Berlin. Der Intensivmediziner Christian Karagiannidis warnt mit Blick auf Herbst und Winter vor einer massiven Belastung der Kliniken durch die Grippe. "Die Grippe macht mir deutlich mehr Sorgen als Corona", sagte Karagiannidis den Zeitungen der Funke-Mediengruppe (Samstagausgaben).
"Bei der Influenza müssen wir uns auf deutlich mehr schwerere Verläufe einstellen als bei einer Omikron-Infektion." Man müsse damit rechnen, dass in diesem Winter eine Infektionswelle auf die nächste folge, so der Leiter des Intensivregisters der Deutschen Interdisziplinären Vereinigung für Intensiv- und Notfallmedizin (DIVI). "Erst kommt jetzt die Corona-Welle; wenn es kälter wird, kommen die Grippe- und RS-Viren." Wie stark die Grippewelle werde, hänge davon ab, welches Influenzavirus sich durchsetze.

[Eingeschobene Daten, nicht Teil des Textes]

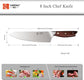 German 1.4116 Steel 8 Inch Chef Knife - YARENH SZD Series yarenh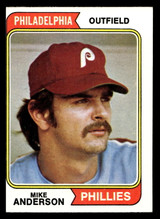 1974 Topps #619 Mike Anderson Excellent 1974 Topps #619 Mike Anderson Excellent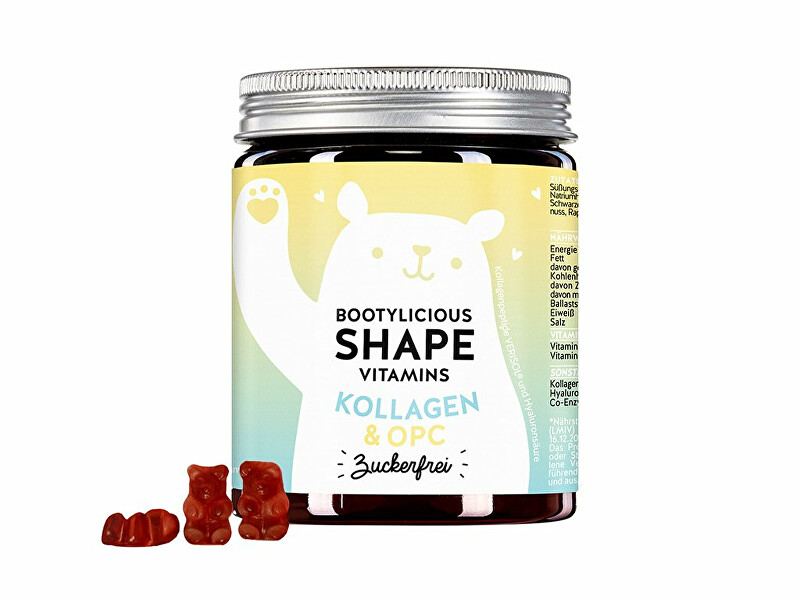 Bears With Benefits Spevňujúce vitamíny s kolagénom Bootylicious Shape 60 ks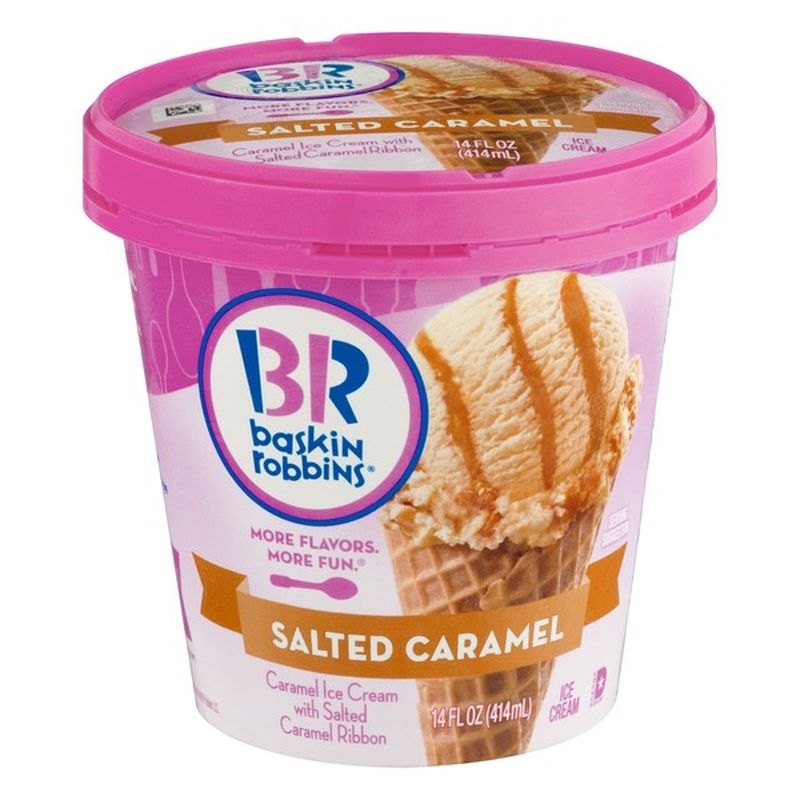 Baskin Robbins Salted Caramel Ice Cream 14 Fl Oz Instacart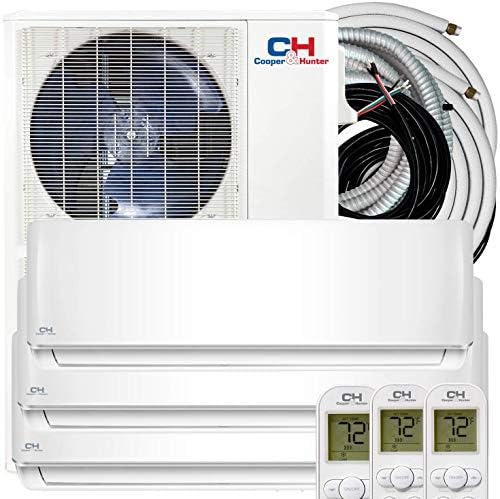 Tri 3 Zone 48000 BTU Ductless Mini Split AC Heat Pump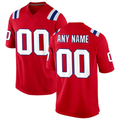 Yuxns Custom NE.Patriots  Red Alternate Stitched Jerseys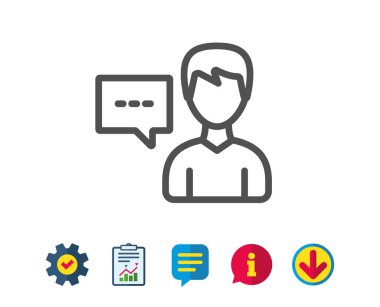 Kullanıcı iletişim satırı simgesi. 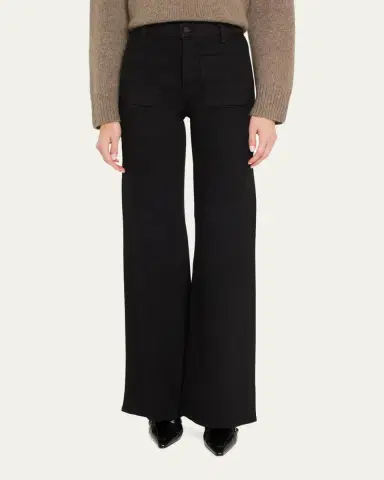 Nili Lotan Florence Flare Denim Jeans | Thumbnail 8 Nili Lotan Florence Flare Denim Jeans | Thumbnail 8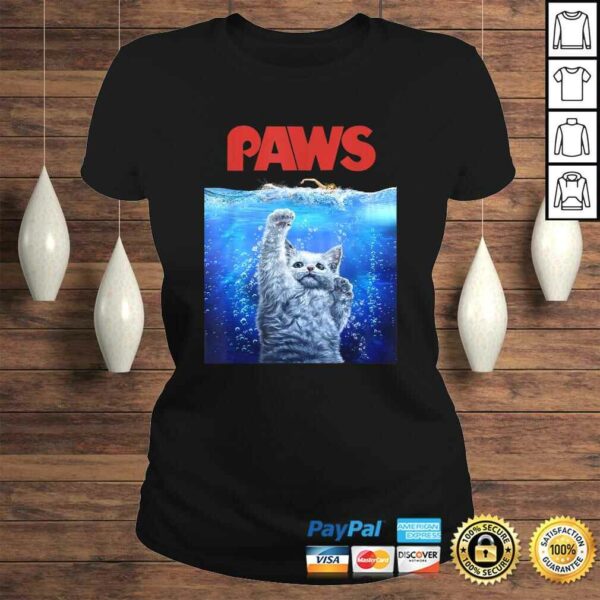 Shirt, White Siamese Cat Threat from the Deep Sea, PAWS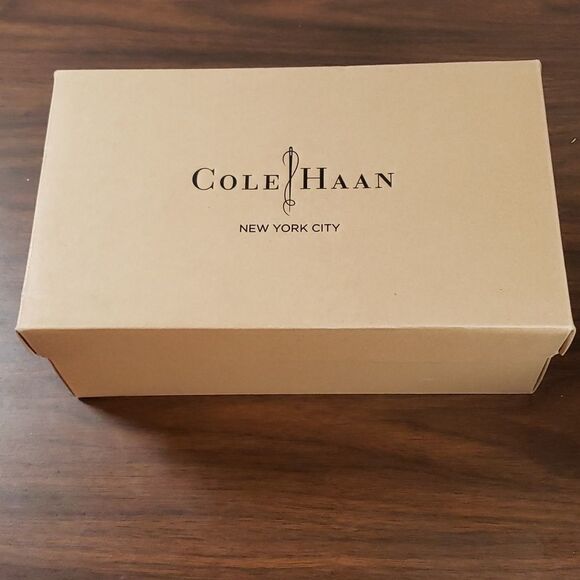 COLE HAAN Ava Open Toe Espadrille Wedges Size 8B Nike Air Technology Sole in Box - Picture 9 of 9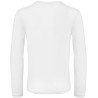 T-shirt homme manches longues en coton bio sans étiquette, 140 g/m²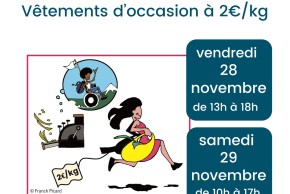 Vente au kilo de vêtements d'occasion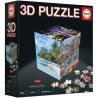 Puzzle 3D - EDUCA - Cube Voyage - 216 Pieces - 6 Puzzles de 36 Pieces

Die Variante H3N2 wäre weniger gefährlich, H1N1 dagegen führe zu deutlich schwereren Verläufen, so der Mediziner. "Die Grippe wird uns in den Kliniken in jedem Fall mehr beschäftigen als Corona." Aktuell sei die Lage auf den Intensivstationen vergleichsweise entspannt. "Eine schwere Influenzawelle bei Patienten und Personal könne die Kliniken schnell wieder stark belasten."

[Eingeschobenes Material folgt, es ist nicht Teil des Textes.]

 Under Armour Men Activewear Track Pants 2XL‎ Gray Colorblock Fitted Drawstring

Die entscheidende Impfung für die Älteren und die chronisch Kranken sei deswegen in diesem Jahr die Grippeschutzimpfung, so Karagiannidis. Impfmüdigkeit sei hier fatal: "In den vergangenen Jahren war die Impfbereitschaft noch zu niedrig. Das kann sich rächen." Mit Blick auf die neuen Corona-Varianten EG.5 ("Eris"), BA.2.86 ("Pirola") und XBB.1.16 ("Arcturus") zeigte sich Karagiannidis dagegen eher entspannt: Die steigenden Fallzahlen beunruhigten ihn nicht.

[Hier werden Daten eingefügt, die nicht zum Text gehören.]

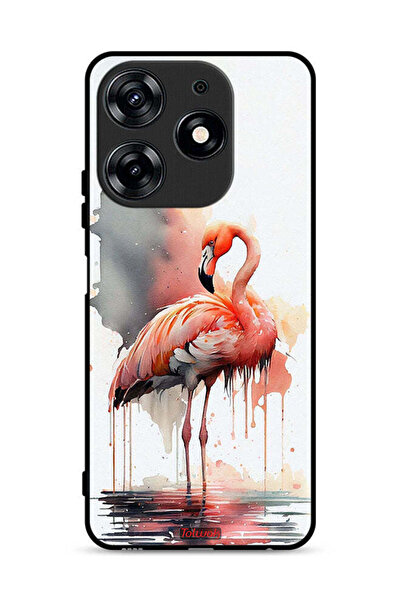 Tolwak غطاء حماية لهاتف تكنو سبارك 10 برو 4G برسومات ألوان مائية استوائية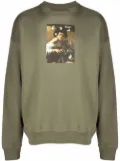 Off-White Caravaggio painting sweatshirt - Green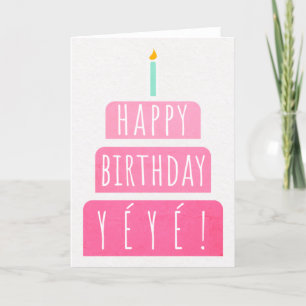Carte d'anniversaire pour Yéyé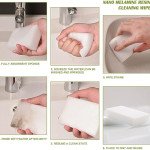10 éponges magiques d'effacement pour nettoyage de surfaces, sans produits chimiques, mélamine durable, éponge blanche"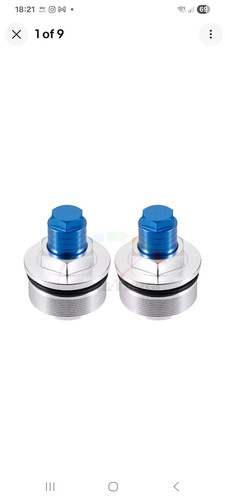 Fork top bolts caps - top, for
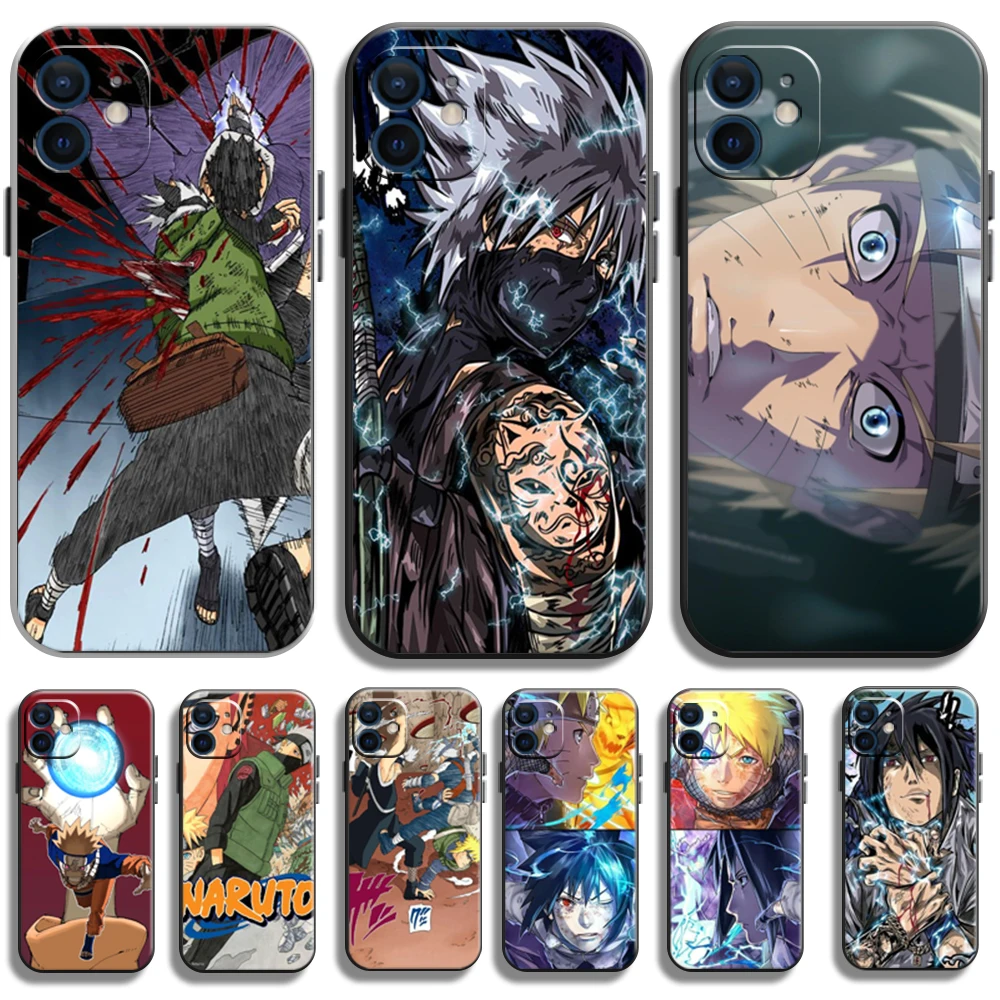 

Cartoon Naruto Anime Phone Cases For iPhone 11 12 Pro MAX 6S 7 8 Plus XS MAX 12 13 Mini X XR SE 2020 Coque Back Cover Soft TPU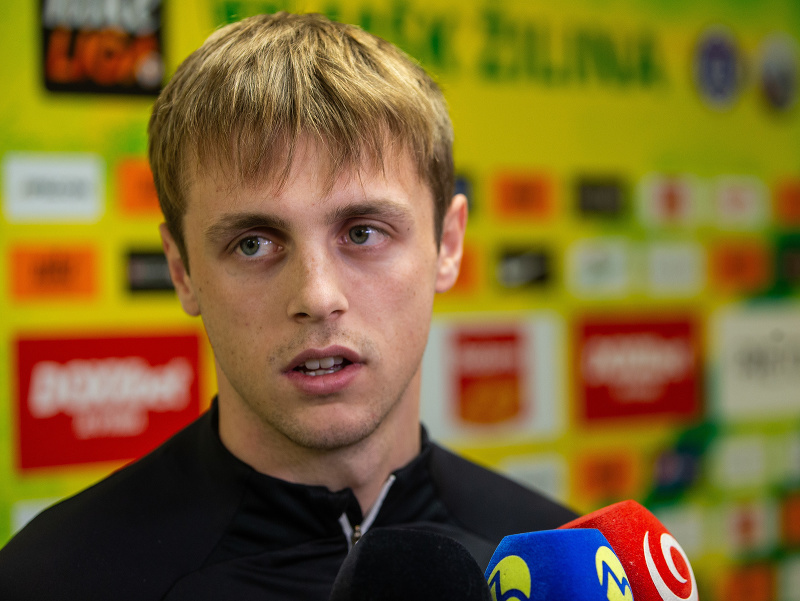 Na snímke hráč MŠK Žilina Timotej Jambor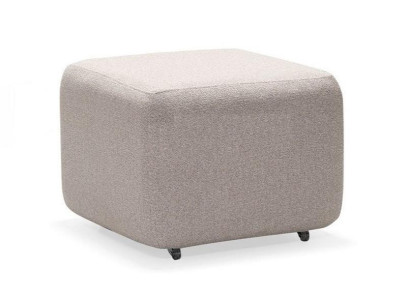 Elegant moderne pouf beige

"Wir haben in der Bevölkerung eine robuste Immunität entwickelt." Es gebe bislang auch keinen Hinweis darauf, dass die drei Varianten wieder schwerer krank machten. Neben dem Risiko eines schweren Verlaufs bleibt weiterhin das Risiko, durch eine Corona-Infektion Long Covid zu entwickeln und dadurch dauerhaft im Alltag beeinträchtigt zu werden.